BALM IN GILEAD: a freewrite REWRITE

in Freewriters4 years ago

drymouth2.jpg
Image: Homemade Collagen

Vermouth is a notoriously dry mouth. Pour a thimbleful of vermouth into a bottle of gin and eat sand in the wilderness of Sin. Drop an olive in that desert and get petrified wood, which is a tree so terrified it bursts into flames and starts barking commands like, “Remember you said you wouldn’t drink today” and “You prolly wanna call a cab.”

The mouth of the Colorado River is sometimes dry as vermouth. Then it attracts sand cats, which you’d think were fish, but you’d be drunk. Charlie Poole thought that if the river was whiskey then Jesus walked in Spirit, while Judas preferred the banks. T. Coraghessan Boyle fished stories from that river, but to boil tea from hard liquor is the gainsaying of Core.

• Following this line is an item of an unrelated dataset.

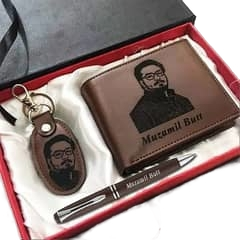 Custom Picture & Name Wallet + Keychain & Pen With Gift Box #03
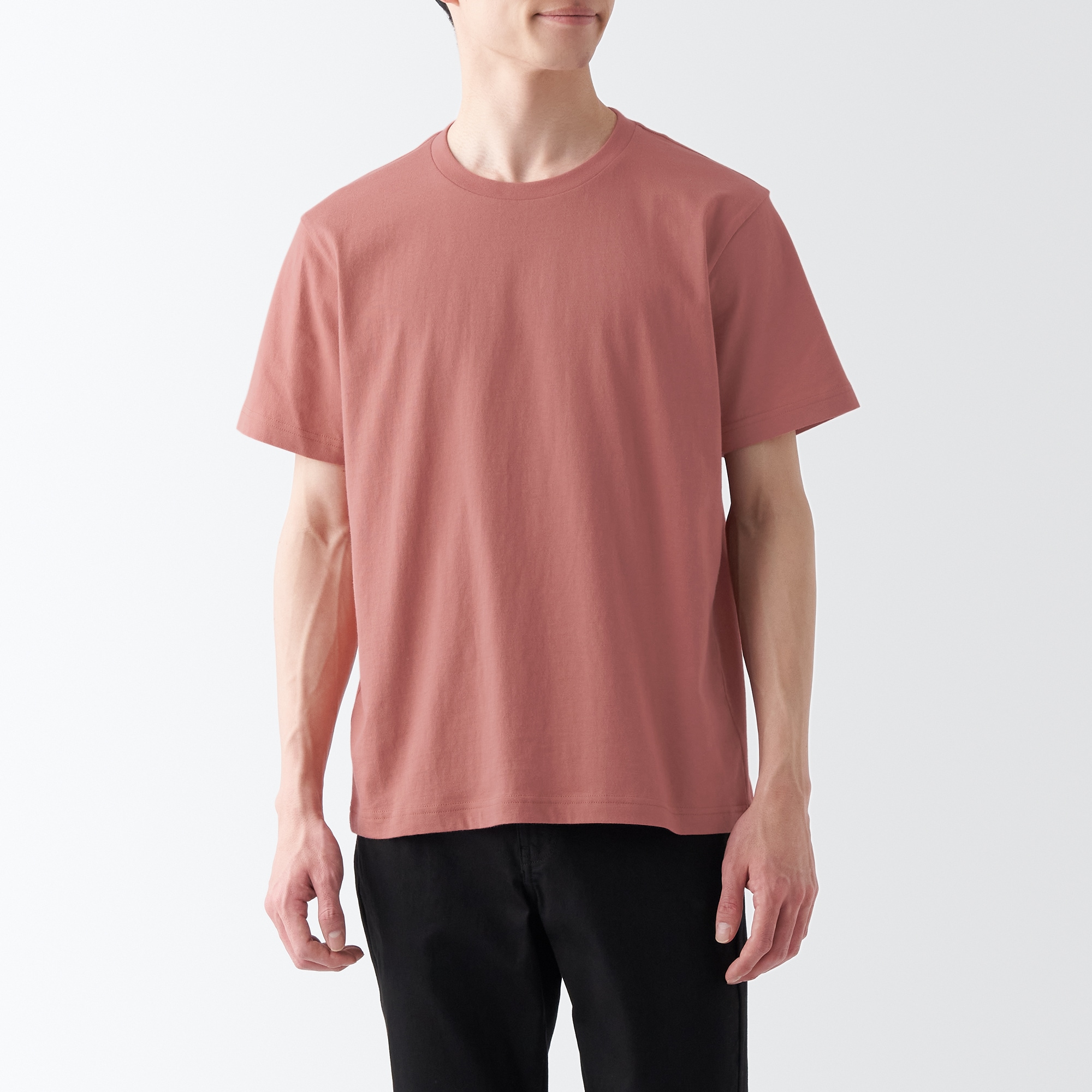 洗いざらし天竺編みクルーネック半袖Ｔシャツ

To lick leaves from Breece D'J Pancake is catty with a sunburnt tongue, and pancakes too are notoriously dry. Nobody could choke down a single crumb but for the trembling trees of Vermont. Sizzurp inebriates differently from vermouth and is more viscous, which is to say angry, when sapped hands pound sugar spikes through maple flesh crucifying brunch.

The main thing is this: metaphysically chapped lips spit up what Stanton David Kirkham called “world-thought,” resulting in the intellectual wasteland strewn around us. Supernal moisturizer is better than crypto. In Gilead drips the One True Balm. And don’t let snakebirds nest in your head, for their wings fan flames of folly. If they muddle these grains in a green tea, what shall be flamed in the dry mouth?